The process of reopening business in Pennsylvania has been a bumpy road and the twists and turns ahead make predictions difficult. Not so the past: we know what was allowed and what not at any particular time. On March 19, 2020, Gov. Tom Wolf ordered all non-life-sustaining businesses in Pennsylvania to close their physical locations and cease in-person operations to slow the spread of the coronavirus. Real estate licensees were not included in the list of life-sustaining businesses and thus ordered to close their doors.
Opinions and reactions varied from the start and with the passage of time many have modified their views. Some licensees even modified their practices to include in-person operations in violation of the applicable order. Rationalization varies from appreciating the necessity of shelter to the belief that enforcement is impossible and no one will really be busted for violations.
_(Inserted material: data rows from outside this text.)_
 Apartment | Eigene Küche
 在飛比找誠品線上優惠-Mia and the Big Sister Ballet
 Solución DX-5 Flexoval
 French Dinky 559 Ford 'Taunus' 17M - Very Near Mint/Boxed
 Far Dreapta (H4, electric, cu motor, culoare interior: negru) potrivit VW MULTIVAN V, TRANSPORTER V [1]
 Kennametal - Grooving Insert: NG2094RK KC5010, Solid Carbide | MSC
This article does not weigh competing views or advance a position; rather, it offers insight into enforcement.
The Commonwealth of Pennsylvania has begun investigating licensees perceived to have violated the governor’s orders. Investigations are being conducted by the Bureau of Enforcement and Investigations, which falls under the commonwealth’s Department of State. My knowledge is firsthand, having participated in investigations on behalf of licensees.
The investigation for violating the orders prohibiting in-person operations has been given a high priority. Investigations previously initiated that do not involve coronavirus related issues have been set aside so that all priority is devoted to the investigation of those alleged to have violated the governor’s original order, as well as the subsequent applicable orders and amendments.
Who is filing the complaints? I know that in several cases in which I am involved, the complaints have mostly come from competitor licensees. BEI investigators do not reveal the names of the complainants, but generally the factual basis they provide at the start of an investigation may be sufficient to reveal who the complainant is. One of my clients named the complainant to the BEI investigator, who did not dispel my client’s belief.
Supporting the notion that licensees are reporting others is what I’ve heard from many licensees over the course of the past several months. A significant number have told me how angry they are at licensees who have refused to abide by the governor’s orders and who are “known” to be engaging in sales and other activities on an in-person basis. I’ve also had licensees telling me, regardless of my advice about what restrictions apply, that they are fearless of prosecution and going to do things they think are essential regardless of how the orders may be interpreted.
What will happen to a licensee under investigation? Whatever the outcome, it will arrive soon. As I mentioned, these investigations have been given priority. Following a traditional investigative interview, a client would have a week or 10 days to submit a written account of exculpatory factors or that may mitigate against the claims made. In cases averring coronavirus order violations, any responsive materials are required to be submitted by the next business day! As for the time between BEI investigation and the issuance of an order to show cause (complaint) or a letter exonerating the licensee, it can take from three months to a year! I am anticipating that this span will be markedly shortened for alleged violations of the governor’s orders.
As for punishment, I have no idea. Every act found to be a violation of the Real Estate Licensing and Registration Act and/or Rules and Regulations of the State Real Estate Commission may be punished by a fine of $10,000, as well as suspension or revocation of a license. Depending on the number of perceived violations, the potential fines can be in the thousands of dollars. With no known case having reached the penalty phase, I cannot predict with any degree of accuracy as to what penalties or fines will be issued. Keep in mind that every case involves different facts and that mitigating and aggravating facts are taken into consideration for penalty purposes.
What we do know is that investigations for alleged violations of the governor’s orders are marching forward and that is something we did not know days or weeks ago.
James Goldsmith is an attorney with Mette, Evans & Woodside and serves as general counsel to PAR.